OSCAR 2010: A MÚSICA NAS ALTURAS
Alfredo Werney
Não há como não reconhecer a importância das premiações, embora saibamos de todas as contradições que há nelas. Como bem nos disse Ismail Xavier, em sua entrevista a revista Desenredos, “temos de reconhecer que foi [as premiações] uma função da crítica desde os festivais das peças trágicas na Grécia antiga. Com todos os problemas, é uma forma de apontar quem ou qual função contribui mais para a qualidade de um filme”. Michael Giacchino, compositor estado-unidense, há algum tempo já vinha merecendo ser agraciado com o Oscar de “melhor música”. É de sua autoria as composições de “Os incríveis” (The incredibles, 2004) e de “Ratatouille” (Rataouille, 2007). Giacchino, em 2010, recebeu então o Oscar de “Melhor Música” pela composição de “Up - altas aventuras” (Up, 2009), da imbatível “Pixar Animation”. Ganhou também o “Globo de Ouro”, pela composição da mesma trilha musical.
Michael Giacchino, desde a trilha musical de “Rataouille”, vem nos mostrando que é possível se pensar em música de animação de uma maneira diferente das tradicionais trilhas a la maniera “mickeymousing”. É claro que há vários efeitos “mickeymousing” [ou seja, efeito no qual a música enfatiza exageradamente cada movimentação dentro do quadro] no trabalho de Giacchino, mas ele procura, na medida do possível, remanejar os velhos e cansativos clichês que já foram cristalizados e nos apresentar um tipo de trilha musical que muitos diriam que se trata de uma música composta para um filme com personagens humanos e não para uma animação. Não quero dizer com isso que há superioridade na trilha composta para filmes com personagens humanos, mas sim mostrar que o modus operande é diferente em cada tipo de filme. Michael não exagera no tempo de música, não busca obstinadamente pontuar todas as curvas dramáticas do enredo, nem marcar ritmicamente todos os movimentos dos personagens: elementos comuns da gramática musical das animações.
Em “Rataouille”, o trilhista nos propôs uma mescla de jazz com a tradicional trilha orquestral.
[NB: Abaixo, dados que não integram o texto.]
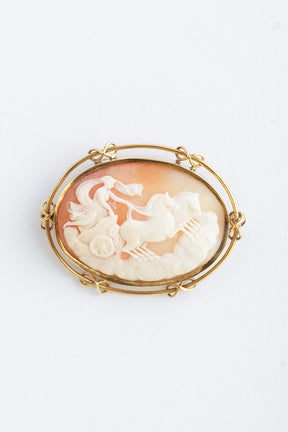 Camée broche met Griekse mythologische voorstelling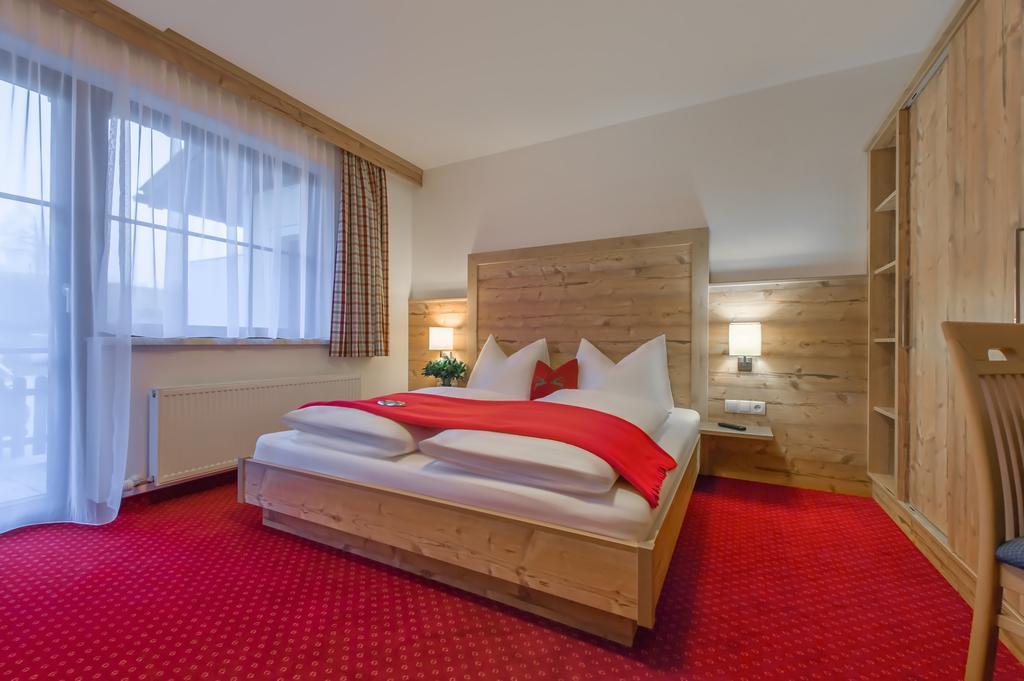 Pension Haus Am Dorfplatz フラッハウ 部屋 写真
O resultado, como se observou, foi muito interessante: o jazz funcionou perfeitamente para narrar as peripécias do ratinho Remy correndo pelos espaços do restaurante “Gusteaus”. Além disso, se criou um interessante contraste entre o jazz e a música orquestral: o jazz como algo mais voltado para um espírito dionisíaco e instintivo (os ratos) e a música orquestral de tradição européia como algo mais “apolíneo”, mais racional (os humanos).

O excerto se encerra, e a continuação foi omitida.